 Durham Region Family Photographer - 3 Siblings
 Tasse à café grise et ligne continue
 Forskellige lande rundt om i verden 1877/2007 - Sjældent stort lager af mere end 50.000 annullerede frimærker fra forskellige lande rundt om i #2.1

### WHAT IS REQUIRED
Beginning with the line that has "Tasse à café grise et ligne continue", set down each line through the last one above, exactly, and nothing else.

### WRITTEN RESPONSE
 Tasse à café grise et ligne continue
 Forskellige lande rundt om i verden 1877/2007 - Sjældent stort lager af mere end 50.000 annullerede frimærker fra forskellige lande rundt om i #2.1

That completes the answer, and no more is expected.